* INFORMATION:
——————

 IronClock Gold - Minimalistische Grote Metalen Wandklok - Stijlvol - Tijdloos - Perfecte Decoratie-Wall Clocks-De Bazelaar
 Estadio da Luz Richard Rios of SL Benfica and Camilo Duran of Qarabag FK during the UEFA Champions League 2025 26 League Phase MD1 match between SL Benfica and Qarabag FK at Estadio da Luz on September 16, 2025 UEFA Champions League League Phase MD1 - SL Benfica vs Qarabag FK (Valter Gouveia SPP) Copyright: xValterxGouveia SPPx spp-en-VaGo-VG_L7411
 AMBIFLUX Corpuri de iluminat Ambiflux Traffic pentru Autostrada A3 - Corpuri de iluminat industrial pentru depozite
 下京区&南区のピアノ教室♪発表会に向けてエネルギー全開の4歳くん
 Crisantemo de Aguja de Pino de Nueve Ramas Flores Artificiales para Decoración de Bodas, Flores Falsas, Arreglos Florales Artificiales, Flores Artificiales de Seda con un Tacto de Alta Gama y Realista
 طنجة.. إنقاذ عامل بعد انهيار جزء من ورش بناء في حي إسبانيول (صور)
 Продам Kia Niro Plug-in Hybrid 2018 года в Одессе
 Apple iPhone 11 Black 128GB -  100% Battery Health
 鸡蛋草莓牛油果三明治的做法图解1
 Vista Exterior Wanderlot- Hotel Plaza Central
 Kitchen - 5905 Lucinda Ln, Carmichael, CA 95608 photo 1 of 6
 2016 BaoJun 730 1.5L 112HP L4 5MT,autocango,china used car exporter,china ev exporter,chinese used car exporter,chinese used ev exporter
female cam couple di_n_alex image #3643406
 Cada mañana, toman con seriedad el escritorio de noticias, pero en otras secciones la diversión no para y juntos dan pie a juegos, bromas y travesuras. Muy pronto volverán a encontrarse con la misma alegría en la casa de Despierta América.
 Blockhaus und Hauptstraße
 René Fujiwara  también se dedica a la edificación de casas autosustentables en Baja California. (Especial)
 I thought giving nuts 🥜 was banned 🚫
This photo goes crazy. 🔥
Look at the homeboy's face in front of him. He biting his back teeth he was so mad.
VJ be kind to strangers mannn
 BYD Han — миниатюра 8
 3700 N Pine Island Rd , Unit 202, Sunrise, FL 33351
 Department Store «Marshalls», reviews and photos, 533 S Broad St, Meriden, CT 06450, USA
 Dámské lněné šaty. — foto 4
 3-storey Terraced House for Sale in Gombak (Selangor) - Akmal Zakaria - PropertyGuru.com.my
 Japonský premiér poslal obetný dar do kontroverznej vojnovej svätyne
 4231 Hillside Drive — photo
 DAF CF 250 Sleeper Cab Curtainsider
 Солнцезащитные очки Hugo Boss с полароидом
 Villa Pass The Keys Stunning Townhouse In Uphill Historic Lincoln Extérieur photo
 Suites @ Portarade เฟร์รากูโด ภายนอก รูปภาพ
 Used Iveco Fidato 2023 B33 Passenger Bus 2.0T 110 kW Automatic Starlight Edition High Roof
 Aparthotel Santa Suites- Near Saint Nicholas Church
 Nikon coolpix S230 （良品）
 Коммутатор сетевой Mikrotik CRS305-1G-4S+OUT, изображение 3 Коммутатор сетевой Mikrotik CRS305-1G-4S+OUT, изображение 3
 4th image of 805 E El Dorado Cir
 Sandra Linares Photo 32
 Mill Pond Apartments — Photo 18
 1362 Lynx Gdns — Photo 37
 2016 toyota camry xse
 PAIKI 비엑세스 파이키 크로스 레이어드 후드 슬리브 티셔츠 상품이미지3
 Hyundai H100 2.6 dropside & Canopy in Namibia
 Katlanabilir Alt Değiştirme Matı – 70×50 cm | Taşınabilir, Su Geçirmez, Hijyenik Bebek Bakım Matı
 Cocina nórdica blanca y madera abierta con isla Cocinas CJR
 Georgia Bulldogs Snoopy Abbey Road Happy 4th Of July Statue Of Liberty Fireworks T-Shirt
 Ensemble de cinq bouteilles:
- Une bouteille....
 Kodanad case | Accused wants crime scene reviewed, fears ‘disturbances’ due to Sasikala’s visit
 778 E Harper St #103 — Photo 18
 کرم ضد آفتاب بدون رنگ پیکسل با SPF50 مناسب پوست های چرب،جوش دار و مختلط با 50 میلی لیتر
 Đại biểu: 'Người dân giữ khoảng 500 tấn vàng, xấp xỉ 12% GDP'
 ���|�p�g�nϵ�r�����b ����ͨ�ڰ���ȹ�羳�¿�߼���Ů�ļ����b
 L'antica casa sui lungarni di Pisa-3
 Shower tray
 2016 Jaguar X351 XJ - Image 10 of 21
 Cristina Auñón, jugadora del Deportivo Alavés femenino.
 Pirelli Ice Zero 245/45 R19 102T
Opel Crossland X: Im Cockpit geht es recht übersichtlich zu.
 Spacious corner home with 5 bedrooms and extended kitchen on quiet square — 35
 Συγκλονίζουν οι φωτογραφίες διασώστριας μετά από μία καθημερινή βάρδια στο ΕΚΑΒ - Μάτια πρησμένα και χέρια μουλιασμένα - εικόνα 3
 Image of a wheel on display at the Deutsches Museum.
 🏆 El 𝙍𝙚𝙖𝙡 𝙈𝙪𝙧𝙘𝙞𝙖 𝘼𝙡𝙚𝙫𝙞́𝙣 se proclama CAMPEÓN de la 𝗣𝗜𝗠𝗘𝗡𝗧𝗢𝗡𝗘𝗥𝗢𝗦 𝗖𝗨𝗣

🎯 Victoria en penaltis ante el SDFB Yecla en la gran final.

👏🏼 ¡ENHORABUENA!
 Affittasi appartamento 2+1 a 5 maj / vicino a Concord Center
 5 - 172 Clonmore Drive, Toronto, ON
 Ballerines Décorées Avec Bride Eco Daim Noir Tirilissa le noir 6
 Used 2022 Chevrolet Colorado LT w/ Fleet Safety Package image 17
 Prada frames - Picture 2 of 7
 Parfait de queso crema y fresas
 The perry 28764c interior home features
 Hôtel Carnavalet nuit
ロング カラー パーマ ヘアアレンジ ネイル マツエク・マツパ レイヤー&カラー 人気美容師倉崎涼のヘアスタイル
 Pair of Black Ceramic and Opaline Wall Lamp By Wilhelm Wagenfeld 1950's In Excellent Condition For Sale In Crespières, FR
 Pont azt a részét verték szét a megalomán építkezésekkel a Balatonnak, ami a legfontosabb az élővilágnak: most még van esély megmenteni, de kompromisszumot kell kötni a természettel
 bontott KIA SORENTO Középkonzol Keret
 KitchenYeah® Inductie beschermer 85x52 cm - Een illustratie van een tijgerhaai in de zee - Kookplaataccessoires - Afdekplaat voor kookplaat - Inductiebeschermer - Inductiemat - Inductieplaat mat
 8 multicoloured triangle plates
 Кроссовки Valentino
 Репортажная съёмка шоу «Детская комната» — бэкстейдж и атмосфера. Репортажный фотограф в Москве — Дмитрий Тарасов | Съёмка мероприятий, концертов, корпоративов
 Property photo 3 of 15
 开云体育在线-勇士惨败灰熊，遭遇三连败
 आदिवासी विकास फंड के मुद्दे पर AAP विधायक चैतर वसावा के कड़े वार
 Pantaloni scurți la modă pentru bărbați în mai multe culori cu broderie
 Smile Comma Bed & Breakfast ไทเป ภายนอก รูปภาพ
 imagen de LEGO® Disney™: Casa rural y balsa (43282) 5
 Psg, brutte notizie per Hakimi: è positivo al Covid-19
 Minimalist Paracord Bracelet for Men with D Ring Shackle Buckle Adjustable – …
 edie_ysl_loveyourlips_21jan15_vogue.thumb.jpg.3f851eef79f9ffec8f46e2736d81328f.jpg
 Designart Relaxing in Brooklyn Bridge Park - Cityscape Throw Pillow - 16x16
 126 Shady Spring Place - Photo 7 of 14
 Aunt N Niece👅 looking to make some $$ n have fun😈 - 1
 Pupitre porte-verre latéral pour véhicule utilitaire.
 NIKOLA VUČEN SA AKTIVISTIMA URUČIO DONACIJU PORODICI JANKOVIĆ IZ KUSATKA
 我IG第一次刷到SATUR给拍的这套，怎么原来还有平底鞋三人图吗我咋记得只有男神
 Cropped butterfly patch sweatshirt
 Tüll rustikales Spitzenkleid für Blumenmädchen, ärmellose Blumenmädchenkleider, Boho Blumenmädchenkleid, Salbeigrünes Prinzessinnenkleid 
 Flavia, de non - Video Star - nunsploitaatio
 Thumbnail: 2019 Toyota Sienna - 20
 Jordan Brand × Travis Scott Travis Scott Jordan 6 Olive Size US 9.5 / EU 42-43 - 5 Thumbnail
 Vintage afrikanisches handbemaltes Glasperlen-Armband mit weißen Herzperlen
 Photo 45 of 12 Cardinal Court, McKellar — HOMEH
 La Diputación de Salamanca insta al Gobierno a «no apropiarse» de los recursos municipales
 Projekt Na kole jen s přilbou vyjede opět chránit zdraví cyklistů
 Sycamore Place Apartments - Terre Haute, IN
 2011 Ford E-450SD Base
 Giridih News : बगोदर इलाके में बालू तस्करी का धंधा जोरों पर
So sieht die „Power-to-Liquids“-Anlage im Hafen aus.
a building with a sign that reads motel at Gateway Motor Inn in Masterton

——————

* EXERCISE:
Give back exactly the lines above, from the line containing "KitchenYeah® Inductie beschermer" through the line containing "Aunt N Niece👅", with both end lines and nothing more.

* ANSWER TO THE EXERCISE:
 KitchenYeah® Inductie beschermer 85x52 cm - Een illustratie van een tijgerhaai in de zee - Kookplaataccessoires - Afdekplaat voor kookplaat - Inductiebeschermer - Inductiemat - Inductieplaat mat
 8 multicoloured triangle plates
 Кроссовки Valentino
 Репортажная съёмка шоу «Детская комната» — бэкстейдж и атмосфера. Репортажный фотограф в Москве — Дмитрий Тарасов | Съёмка мероприятий, концертов, корпоративов
 Property photo 3 of 15
 开云体育在线-勇士惨败灰熊，遭遇三连败
 आदिवासी विकास फंड के मुद्दे पर AAP विधायक चैतर वसावा के कड़े वार
 Pantaloni scurți la modă pentru bărbați în mai multe culori cu broderie
 Smile Comma Bed & Breakfast ไทเป ภายนอก รูปภาพ
 imagen de LEGO® Disney™: Casa rural y balsa (43282) 5
 Psg, brutte notizie per Hakimi: è positivo al Covid-19
 Minimalist Paracord Bracelet for Men with D Ring Shackle Buckle Adjustable – …
 edie_ysl_loveyourlips_21jan15_vogue.thumb.jpg.3f851eef79f9ffec8f46e2736d81328f.jpg
 Designart Relaxing in Brooklyn Bridge Park - Cityscape Throw Pillow - 16x16
 126 Shady Spring Place - Photo 7 of 14
 Aunt N Niece👅 looking to make some $$ n have fun😈 - 1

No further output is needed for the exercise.